In all linear regression models, the intercept has the same definition: the mean of the response, Y, when all predictors, all X = 0.

But “when all X=0” has different implications, depending on the scale on which each X is measured and on which terms are included in the model.

So let’s specifically discuss the meaning of the intercept in some common models:

### Example 1: Both X_{1} and X_{2} are Numerical and Uncentered

This is the model you learn the most about in regression classes.

In this model, the intercept is not always meaningful.
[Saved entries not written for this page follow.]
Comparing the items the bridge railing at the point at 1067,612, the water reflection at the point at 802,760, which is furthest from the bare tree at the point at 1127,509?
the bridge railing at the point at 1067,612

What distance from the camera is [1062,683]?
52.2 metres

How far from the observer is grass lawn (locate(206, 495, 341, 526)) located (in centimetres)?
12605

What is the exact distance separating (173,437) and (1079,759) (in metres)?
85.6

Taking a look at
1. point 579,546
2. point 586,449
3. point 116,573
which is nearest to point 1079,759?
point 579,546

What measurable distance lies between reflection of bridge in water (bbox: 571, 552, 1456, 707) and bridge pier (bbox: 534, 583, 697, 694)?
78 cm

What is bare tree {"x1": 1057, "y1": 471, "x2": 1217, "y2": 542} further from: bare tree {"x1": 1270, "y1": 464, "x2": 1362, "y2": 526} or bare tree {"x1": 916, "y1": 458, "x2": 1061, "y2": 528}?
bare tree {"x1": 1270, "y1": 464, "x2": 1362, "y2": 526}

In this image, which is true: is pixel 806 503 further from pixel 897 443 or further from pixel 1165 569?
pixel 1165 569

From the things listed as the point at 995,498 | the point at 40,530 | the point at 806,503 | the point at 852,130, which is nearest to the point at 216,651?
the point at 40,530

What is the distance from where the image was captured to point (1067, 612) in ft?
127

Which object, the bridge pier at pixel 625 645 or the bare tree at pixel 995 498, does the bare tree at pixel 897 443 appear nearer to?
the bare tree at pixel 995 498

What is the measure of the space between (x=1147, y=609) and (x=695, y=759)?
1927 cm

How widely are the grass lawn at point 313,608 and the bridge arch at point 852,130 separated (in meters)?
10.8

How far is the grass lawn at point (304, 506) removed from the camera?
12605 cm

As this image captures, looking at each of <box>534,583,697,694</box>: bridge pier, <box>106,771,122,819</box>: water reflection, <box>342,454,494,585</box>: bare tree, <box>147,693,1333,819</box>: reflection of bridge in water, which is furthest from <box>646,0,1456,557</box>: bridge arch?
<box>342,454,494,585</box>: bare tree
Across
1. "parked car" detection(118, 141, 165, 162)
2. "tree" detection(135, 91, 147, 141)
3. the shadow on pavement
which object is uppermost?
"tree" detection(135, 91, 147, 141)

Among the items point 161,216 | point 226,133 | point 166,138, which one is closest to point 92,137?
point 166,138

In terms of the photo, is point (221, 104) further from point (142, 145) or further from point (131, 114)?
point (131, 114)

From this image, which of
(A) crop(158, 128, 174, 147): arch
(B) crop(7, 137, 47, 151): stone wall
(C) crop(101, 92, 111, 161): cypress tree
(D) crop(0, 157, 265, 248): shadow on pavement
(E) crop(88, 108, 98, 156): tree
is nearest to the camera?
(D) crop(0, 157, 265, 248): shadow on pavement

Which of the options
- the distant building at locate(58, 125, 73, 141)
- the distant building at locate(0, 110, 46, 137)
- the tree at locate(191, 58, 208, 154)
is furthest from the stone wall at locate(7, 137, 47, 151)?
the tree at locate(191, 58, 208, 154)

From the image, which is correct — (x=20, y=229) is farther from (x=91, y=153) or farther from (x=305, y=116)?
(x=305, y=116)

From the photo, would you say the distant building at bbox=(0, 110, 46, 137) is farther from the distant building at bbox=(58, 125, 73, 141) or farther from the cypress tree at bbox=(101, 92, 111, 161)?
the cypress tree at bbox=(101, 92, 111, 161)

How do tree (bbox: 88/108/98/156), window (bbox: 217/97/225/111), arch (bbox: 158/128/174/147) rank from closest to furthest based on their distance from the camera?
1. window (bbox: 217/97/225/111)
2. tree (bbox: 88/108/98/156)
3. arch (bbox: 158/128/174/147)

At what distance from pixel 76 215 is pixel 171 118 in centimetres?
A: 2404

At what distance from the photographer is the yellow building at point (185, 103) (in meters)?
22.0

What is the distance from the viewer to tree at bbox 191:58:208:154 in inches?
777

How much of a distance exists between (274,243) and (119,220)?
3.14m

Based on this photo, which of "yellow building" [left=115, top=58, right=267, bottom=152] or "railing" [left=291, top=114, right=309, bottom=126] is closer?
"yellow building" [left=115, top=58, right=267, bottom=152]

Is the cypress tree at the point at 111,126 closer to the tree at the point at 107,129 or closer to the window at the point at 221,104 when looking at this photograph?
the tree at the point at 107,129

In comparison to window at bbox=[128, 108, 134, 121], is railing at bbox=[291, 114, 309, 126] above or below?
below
Since the intercept is the mean of Y when all predictors equals zero, the mean is only useful if every X in the model actually *has* some values of zero.

If they do, no problem.

But if one predictor is a variable like age of employees in a company, there should be no values even close to zero. So while the intercept will be necessary for calculating predicted values, it has to no real meaning.

And what’s more, in this type of model, it’s rare to have any hypotheses about the intercept, so you may have been taught to ignore it. That works here, but as you’ll see, the intercept can become a meaningful comparison point in other types of models.
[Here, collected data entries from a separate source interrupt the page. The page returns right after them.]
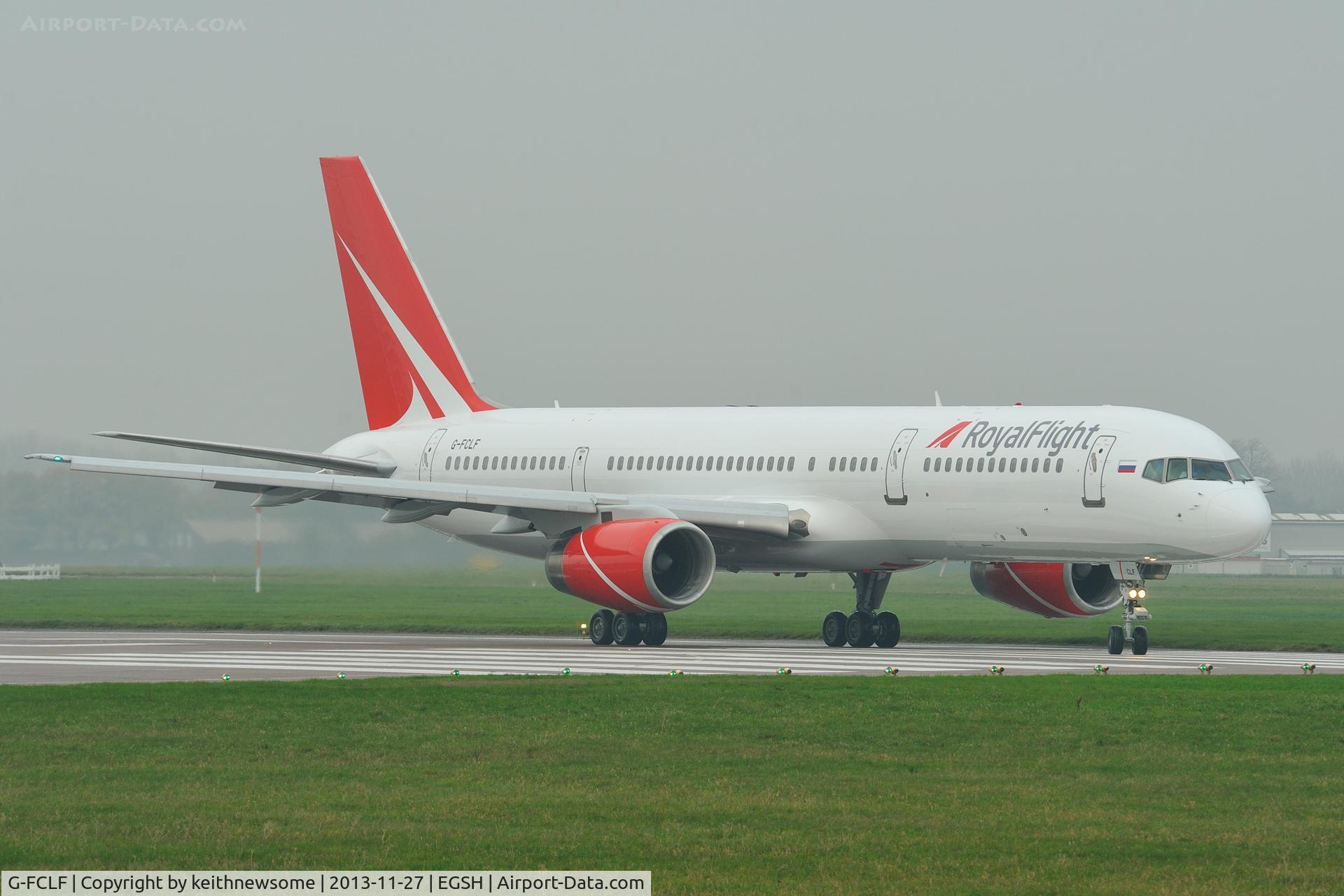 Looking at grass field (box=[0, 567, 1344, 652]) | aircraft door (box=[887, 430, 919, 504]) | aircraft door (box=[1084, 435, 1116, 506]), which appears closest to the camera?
aircraft door (box=[1084, 435, 1116, 506])

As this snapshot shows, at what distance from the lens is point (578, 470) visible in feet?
128

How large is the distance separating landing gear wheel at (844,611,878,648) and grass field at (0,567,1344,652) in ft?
7.06

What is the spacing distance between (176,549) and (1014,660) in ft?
134

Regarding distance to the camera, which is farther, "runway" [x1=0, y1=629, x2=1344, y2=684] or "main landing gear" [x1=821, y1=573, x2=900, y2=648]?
"main landing gear" [x1=821, y1=573, x2=900, y2=648]

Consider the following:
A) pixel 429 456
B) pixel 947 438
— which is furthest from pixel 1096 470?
pixel 429 456

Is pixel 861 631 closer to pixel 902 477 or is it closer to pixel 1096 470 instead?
pixel 902 477

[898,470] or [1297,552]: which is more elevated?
[898,470]

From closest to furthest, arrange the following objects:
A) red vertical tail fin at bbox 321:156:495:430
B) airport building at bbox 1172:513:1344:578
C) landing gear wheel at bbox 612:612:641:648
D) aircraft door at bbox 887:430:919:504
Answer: aircraft door at bbox 887:430:919:504, landing gear wheel at bbox 612:612:641:648, red vertical tail fin at bbox 321:156:495:430, airport building at bbox 1172:513:1344:578

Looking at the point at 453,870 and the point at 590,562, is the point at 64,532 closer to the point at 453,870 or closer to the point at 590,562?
the point at 590,562

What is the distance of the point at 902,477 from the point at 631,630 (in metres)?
5.24

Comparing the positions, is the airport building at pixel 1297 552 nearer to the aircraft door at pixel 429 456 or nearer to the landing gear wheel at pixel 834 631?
the aircraft door at pixel 429 456

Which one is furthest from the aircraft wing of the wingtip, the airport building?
the airport building

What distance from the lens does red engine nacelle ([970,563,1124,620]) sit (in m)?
35.2

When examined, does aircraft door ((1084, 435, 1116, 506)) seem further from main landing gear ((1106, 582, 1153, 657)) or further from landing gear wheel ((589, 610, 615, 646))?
landing gear wheel ((589, 610, 615, 646)) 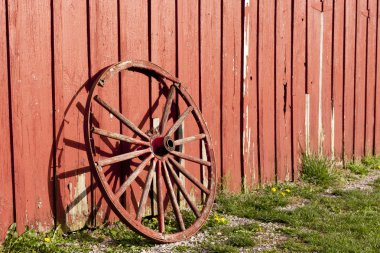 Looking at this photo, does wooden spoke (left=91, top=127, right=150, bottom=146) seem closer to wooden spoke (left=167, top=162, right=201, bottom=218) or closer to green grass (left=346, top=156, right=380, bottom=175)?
wooden spoke (left=167, top=162, right=201, bottom=218)

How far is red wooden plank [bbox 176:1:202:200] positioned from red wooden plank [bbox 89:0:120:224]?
0.77 metres

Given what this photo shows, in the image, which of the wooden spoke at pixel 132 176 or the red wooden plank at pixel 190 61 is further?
the red wooden plank at pixel 190 61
### Example 2: Both X_{1} and X_{2} are Numerical and Centered At Their Mean

But if we center each predictor variable at its own mean, we rescale the mean to zero. So all X equals zero at their mean.

So the intercept is simply the mean of Y at the mean value of each of the predictor variables.

You still may not have hypotheses about it, but it at least is a meaningful value.

### Example 3: Both X_{1} and X_{2} are Categorical and Dummy Coded

Dummy coded predictor variables have only two possible values: 0 and 1. Zero always refers to the reference group for each dummy coded predictor.

Hopefully it’s clear that in this model the intercept will be the mean of Y for both predictors’ reference groups.

So this is an example where the intercept become meaningful and useful for answering hypotheses. The other coefficients in the model will be differences between this mean and the means for the comparison groups.

### Example 4: X_{1} is Numerical and Centered and X_{2} is Categorical and Dummy Coded

Here we just combine exactly what we’ve been doing in the other examples.

The intercept would be the mean of Y at the mean of X_{1} for only the reference group of X_{2}.

This would be a very useful value to have, especially if X_{1} is a covariate and X_{2} an independent variable. The coefficient for X_{2} is the difference between this reference group mean (the intercept) and the comparison group mean, evaluated at the mean of the covariate.

### Example 5: Both X_{1} and X_{2} are Categorical and Effect Coded

Effect coding is a different way of assigning numerical values to categories so that they work in a linear model. It is the coding scheme that ANOVA uses.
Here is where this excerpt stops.